I think the real culprit here is the extent to which our food supply is not locally based. It’s difficult to find locally grown fruits and vegetables. I tend to pick things up from farmers markets because the items are more often produced by local farmers instead of huge conglomerates. I’d prefer to have the option of joining a Community Supported Agriculture (CSA) group where a group of residents band together to purchase direct from a local farm. CSA’s give you a choice in terms of perishable foods that don’t always exist in local food supply chains.

But as much as I love the idea of a CSA and have actively looked for one to join, I’m still drawn to the farmer whose produce I can look through and pick and choose.
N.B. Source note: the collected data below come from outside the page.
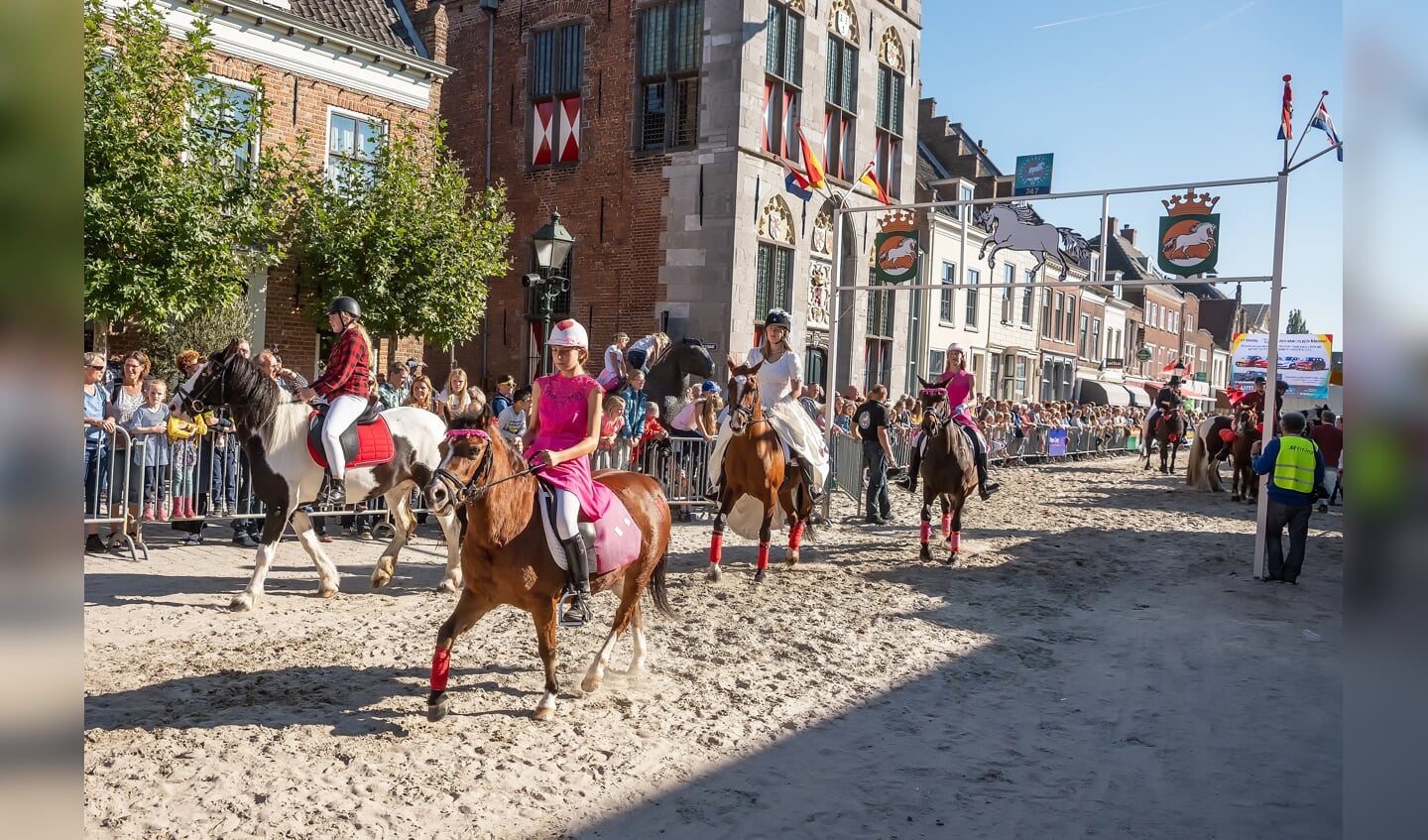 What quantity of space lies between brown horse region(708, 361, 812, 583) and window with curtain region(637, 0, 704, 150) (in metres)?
11.6

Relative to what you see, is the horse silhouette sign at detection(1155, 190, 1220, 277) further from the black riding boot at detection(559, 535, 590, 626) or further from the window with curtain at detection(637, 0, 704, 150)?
the window with curtain at detection(637, 0, 704, 150)

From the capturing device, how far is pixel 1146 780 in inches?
183

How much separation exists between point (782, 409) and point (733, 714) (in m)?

I suppose it’s all about choices, huh?

Family farmers are rare these days.

Kids I grew up with who were farmers didn’t continue in the family tradition. The pig farmers, corn and hay farmers the kids who took time out of school to harvest winter wheat in the spring and the kids who lived on the strawberry farms (like my mother had) are a thing of the past.

Today, we talk about industries as if all tomato farmers have banded together or worse, are equal to Steel producers or textile mills. When it comes to food, these groups are vastly unequal because what we put in our bodies is way more important and affects way more people than does the production of eye bolts, zippers or blankets.

But, then again, it’s not like this hasn’t come up before (from the Washington Post )

This isn't the first time produce growers looked to Congress for help with a food-safety issue.

Even though the 2006 bagged spinach recall involving Dole Food and Natural Selection Foods was more contained, growers took a $100 million hit, according to the United Fresh Produce Association.

Spinach growers got a financial-aid provision part way through Congress but didn't succeed.

In March 1989, the U.S. banned the entry of seedless grapes from Chile after two grapes were found to have been contaminated with cyanide, leaving Chilean growers, exporters and importers with millions of dollars in losses. The industry tried to recover about $210 million only to get word four years later that a federal judge ruled that the FDA wasn't responsible because it was doing its job.


It’s happened before, the poisoning of our food. So, when the issue of tomatoes came up, I didn’t stop eating tomatoes. I just shopped more for tomatoes grown on family farms and sold at the local farmers markets. That’s why when I heard about the peppers from Mexico, I thought about the tomato farmers who pay a living wage to their pickers and I wondered if the farmers suffered losses like those reported in the LA Times and like the information below from the Washington Post:

But before the U.S. Food and Drug Administration lifted the tomato advisory July 17, U.S. tomato growers were left holding the shopping bag.
Growers said they lost $100 million in sales during the investigation, which they charge was conducted poorly and without enough consultation with them.


I wondered if growers (large and small) suffered losses like this, well, what happened to their pickers? If the workers can’t work on these farms due to losses like this from an issue related to imported food, do we also run the risk down the road of driving our own farmers out of business and a need for greater importation of food?

In the end, I think the Post got it right with this one:

The late reprieve for the industry shows how difficult it is to conduct international investigations of food-borne illnesses with limited resources and imperfect ways to trace a product back to its source.


This is what Free Trade has gotten us, a lot of rotten tomatoes here and imported peppers that will simply make you sick. Fabulous, huh?